**Data to process:**
════════════════════

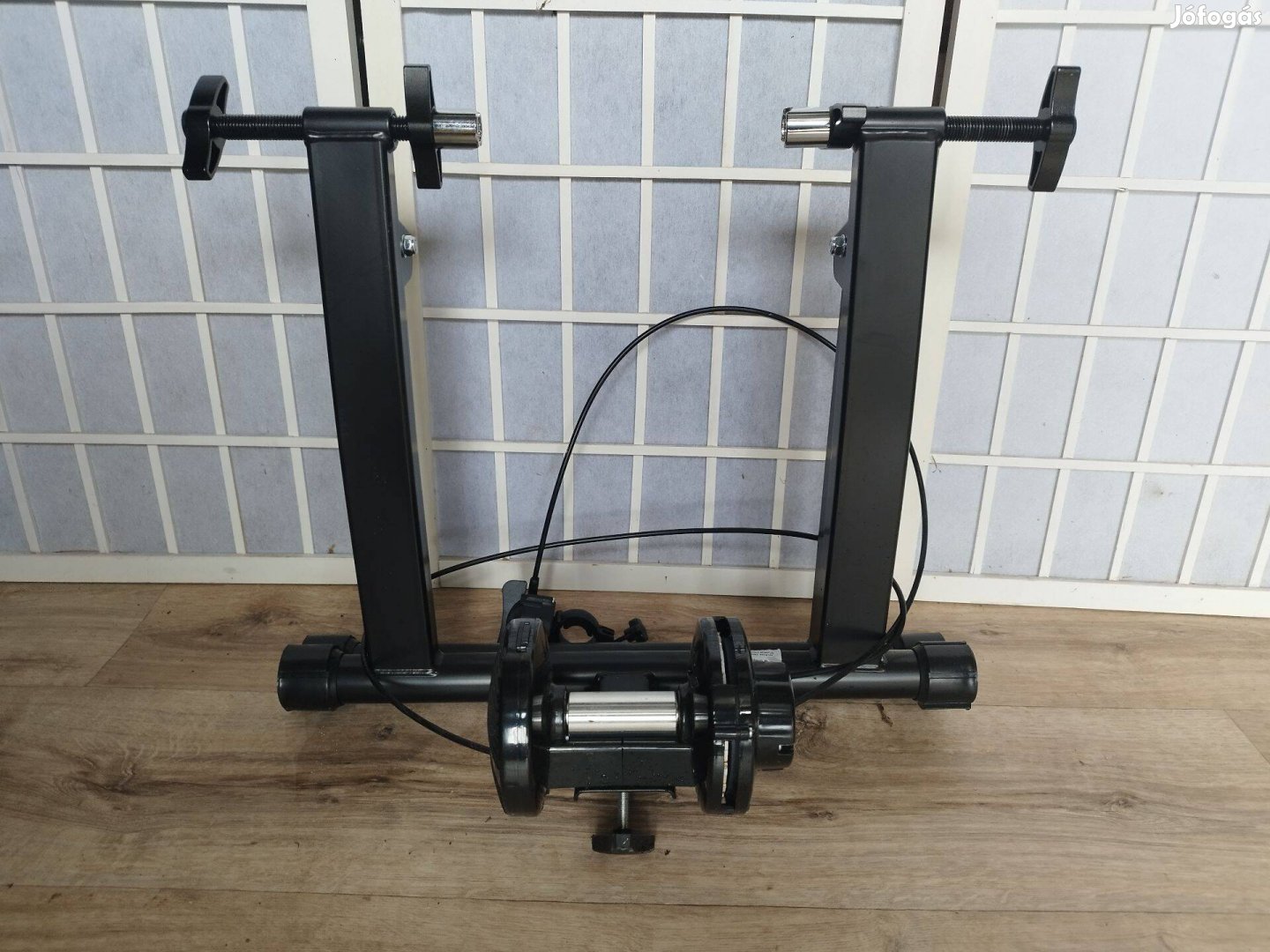 Újszerű mágneses ellenállású kerékpárgörgő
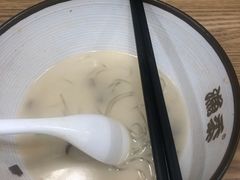 -鸭味先老鸭粉丝馆(瑞金路二号四号小区店)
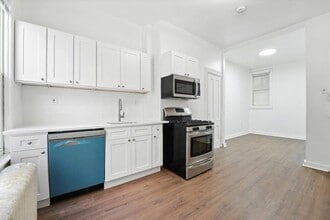 Building Photo - 122 Hutton St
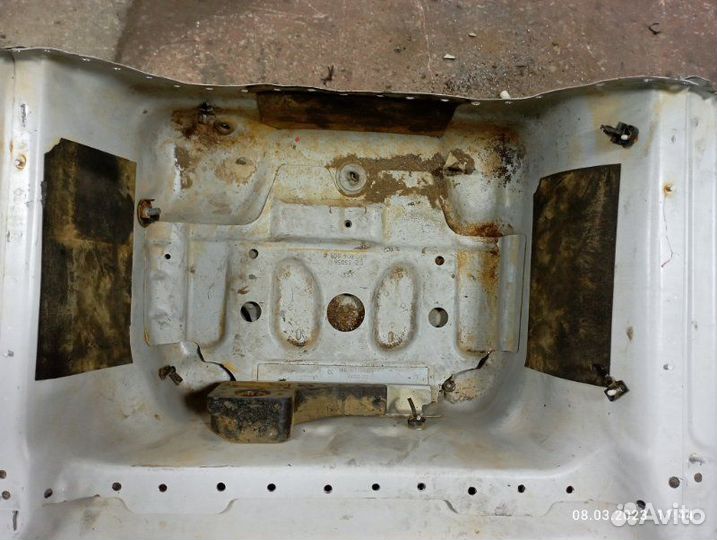 Ванна багажника Audi Q5 8R cdnc 2011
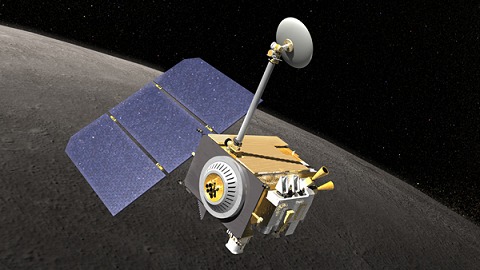 打ち上げ予定のLunar Reconnaissance Orbiter。ここに搭載されるメモリに自分達の名前が……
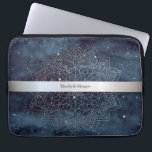 Housse Pour Ordinateur Portable Elégant moderne en argent Mandala Stripe Navy bleu<br><div class="desc">Bande argentée et mandala floral sur un arrière - plan bleu marine.</div>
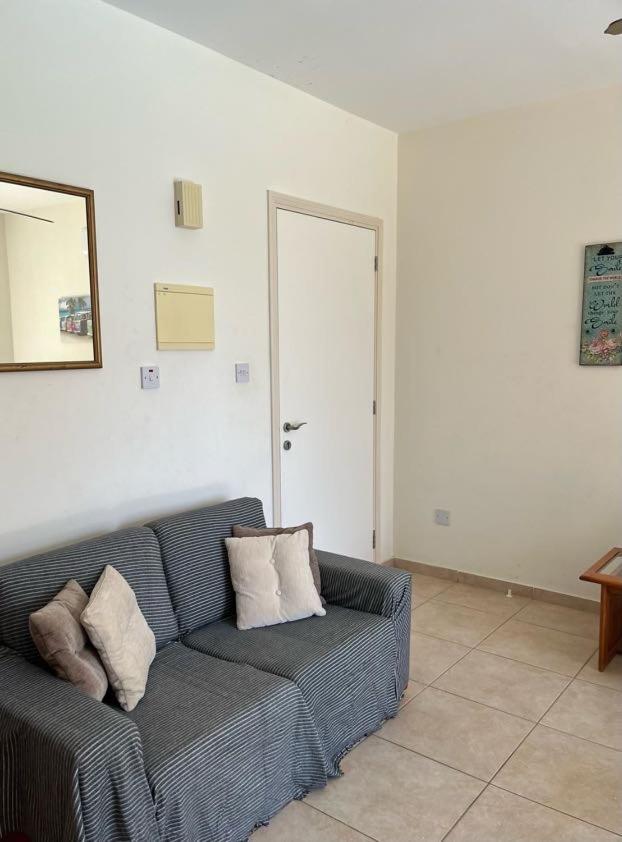 The Holiday Flat, Gateway To Desired Experiences เปเยีย ภายนอก รูปภาพ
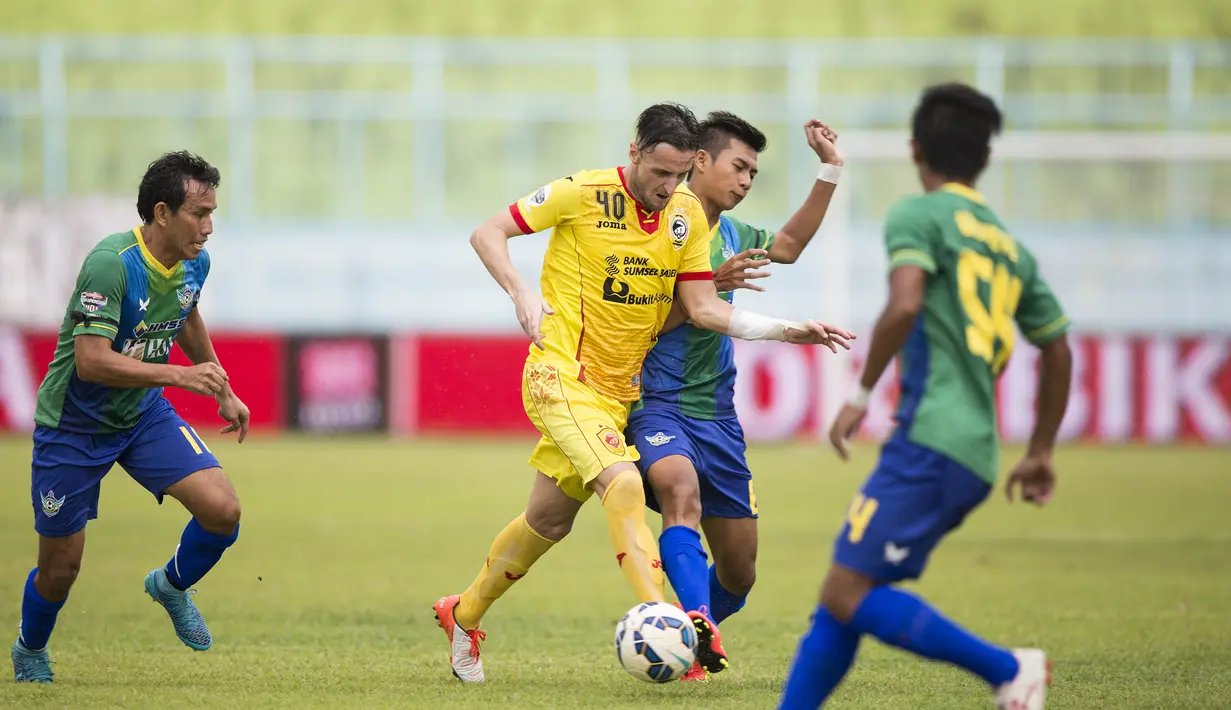 Pemain Sriwijaya FC, Simone Quintieri, berusaha melewati pemain Gresik United pada laga Piala Jenderal Sudirman di Stadion Kanjuruhan, Malang, Kamis (19/11/2015). (Bola.com/Vitalis Yogi Trisna)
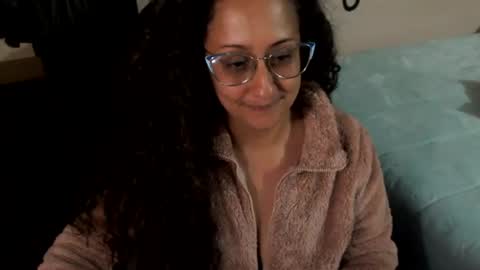 Zoe Koller online show from 06-17-26, 02:25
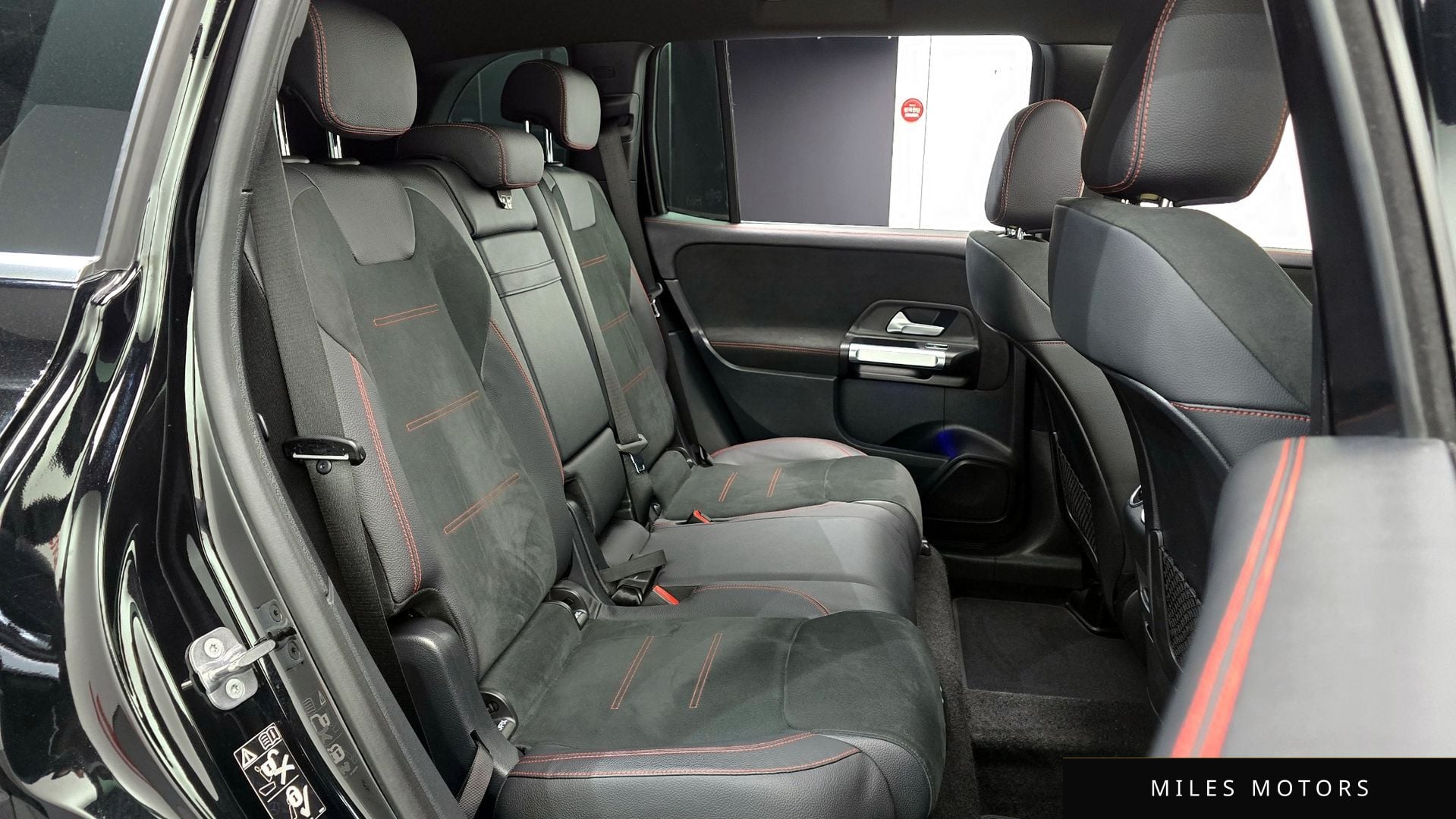 Mercedes-Benz GLB-Class X247 2023 — миниатюра 12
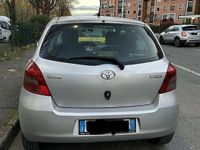 Usata Toyota Yaris Luna 86 CV (63 kW) 2007 Argento Utilitaria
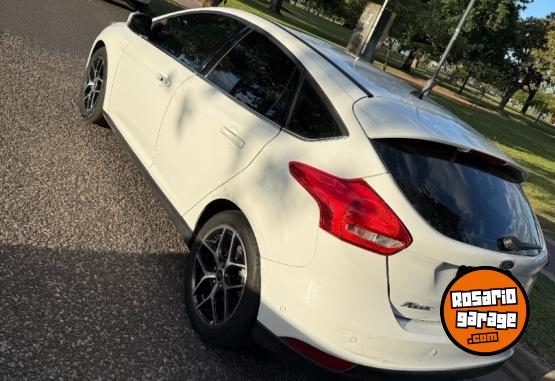 Autos - Ford FOCUS TITANIUM 2017 Nafta 153000Km - En Venta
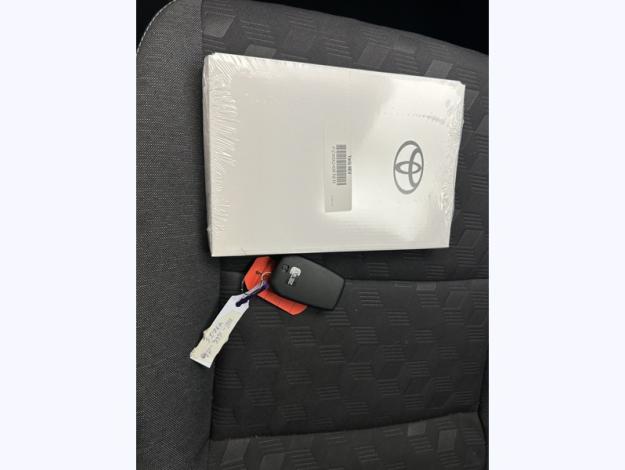 TOYOTA Yaris 116h Design  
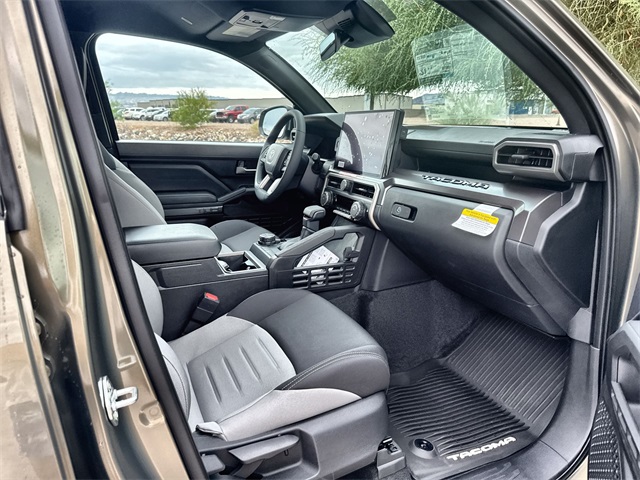 2025 Toyota Tacoma TRD Off-Road Double Cab photo 25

════════════════════

**Exercise goal:**
Without the pictures, print all of the records exactly.

**Result:**
 Újszerű mágneses ellenállású kerékpárgörgő
 -鸭味先老鸭粉丝馆(瑞金路二号四号小区店)
 Building Photo - 122 Hutton St
 Ванна багажника Audi Q5 8R cdnc 2011
 打ち上げ予定のLunar Reconnaissance Orbiter。ここに搭載されるメモリに自分達の名前が……
 Housse Pour Ordinateur Portable Elégant moderne en argent Mandala Stripe Navy bleu<br><div class="desc">Bande argentée et mandala floral sur un arrière - plan bleu marine.</div>
 The Holiday Flat, Gateway To Desired Experiences เปเยีย ภายนอก รูปภาพ
 Pemain Sriwijaya FC, Simone Quintieri, berusaha melewati pemain Gresik United pada laga Piala Jenderal Sudirman di Stadion Kanjuruhan, Malang, Kamis (19/11/2015). (Bola.com/Vitalis Yogi Trisna)
 Zoe Koller online show from 06-17-26, 02:25
 Mercedes-Benz GLB-Class X247 2023 — миниатюра 12
 Usata Toyota Yaris Luna 86 CV (63 kW) 2007 Argento Utilitaria
 Autos - Ford FOCUS TITANIUM 2017 Nafta 153000Km - En Venta
 TOYOTA Yaris 116h Design  
 2025 Toyota Tacoma TRD Off-Road Double Cab photo 25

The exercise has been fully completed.